The reasons for that go beyond this one story.
The
images were first published on the web three days ago. But the Palace’s
lawyers, via the Press Complaints Commission, warned the UK’s
newspapers against printing them, claiming they would breach Harry’s
privacy and the PCC Code.
Since
then the entire UK media — print, online and TV — has reported on them
and told readers and viewers how to find them on TMZ.com, the website
that first published them, and on countless other sites that followed
suit.
That coverage put those pictures a mouse-click away from anyone in the 77 per cent of British households with internet access.
Millions duly found them on sites from Canada to New Zealand. By
yesterday, the photographs were indisputably in the public domain
everywhere in the world.
That generated a legitimate public debate about the behaviour of the
man who is third in line to the throne and increasingly taking on
official duties, as he did most recently at the Olympics’ closing
ceremony.
Yet as that debate went on in homes, factories, offices and pubs, the
Press were still effectively banned from using the pictures.

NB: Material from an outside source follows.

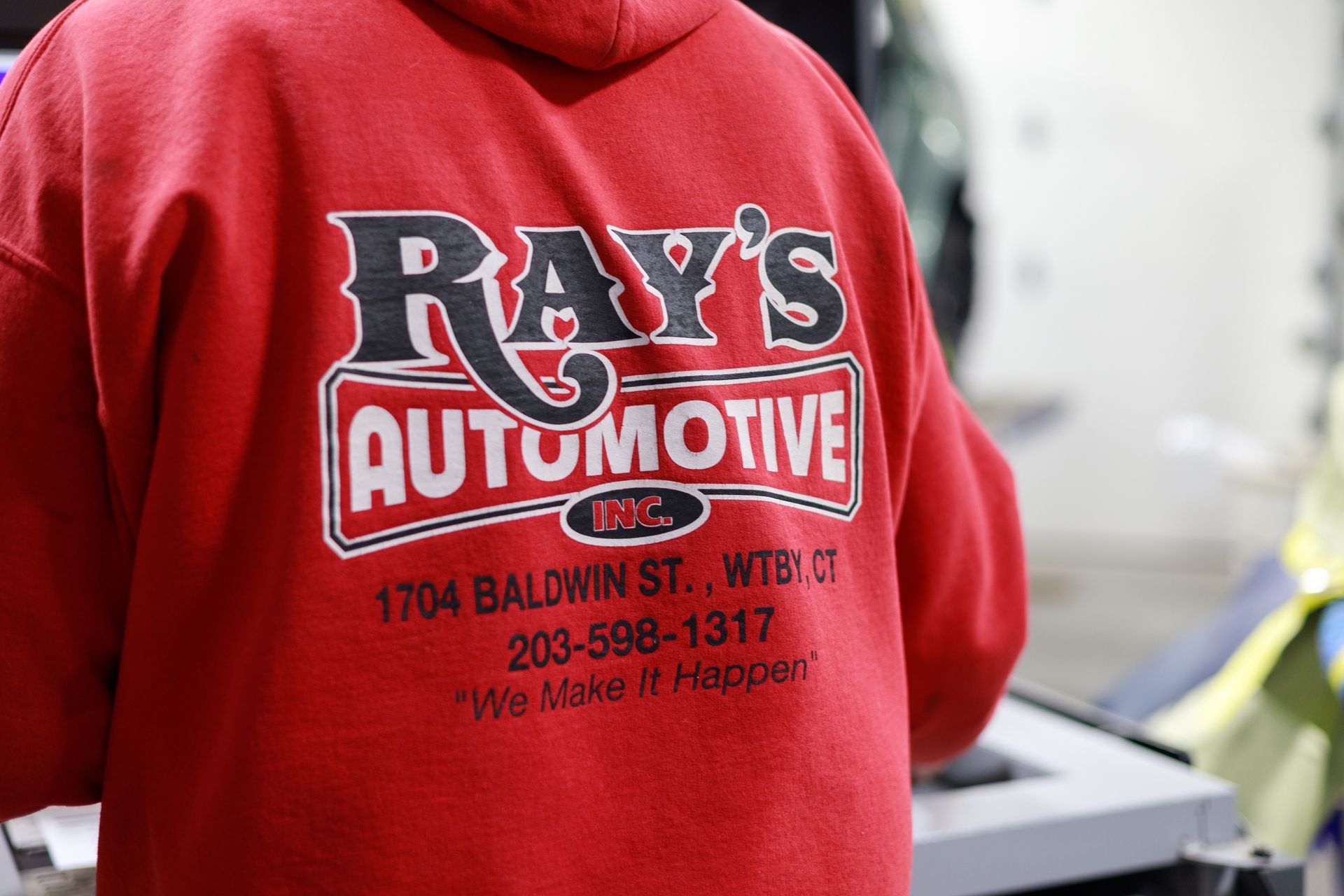 Person in red shirt with Ray's Automotive logo on back, standing indoors near equipment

The many millions of people who get their news in print, or have no web
access, could not take a full part in that national conversation
because they could not see the images.
The Royal Family’s lawyers claim there is no public interest in The Sun
running the photos. This is a favourite mantra of those who wish to
muzzle the world’s most vibrant newspapers, here in Britain — stuffily
declaring that a story has “no public interest”, as though it were an
unassailable fact.
But there is a clear public interest in publishing the Harry pictures,
in order for the debate around them to be fully informed. The photos
have potential implications for the Prince’s image representing Britain
around the world.
There are questions over his security during the Las Vegas holiday.
Questions as to whether his position in the Army might be affected.
Further, we believe Harry has compromised his own privacy.
These are not pictures of him and a girlfriend at Balmoral. The Prince
was in Vegas, the party capital of a country with strong
freedom-of-speech laws, frolicking in the pool before inviting
strangers to his hotel room for a game of strip billiards.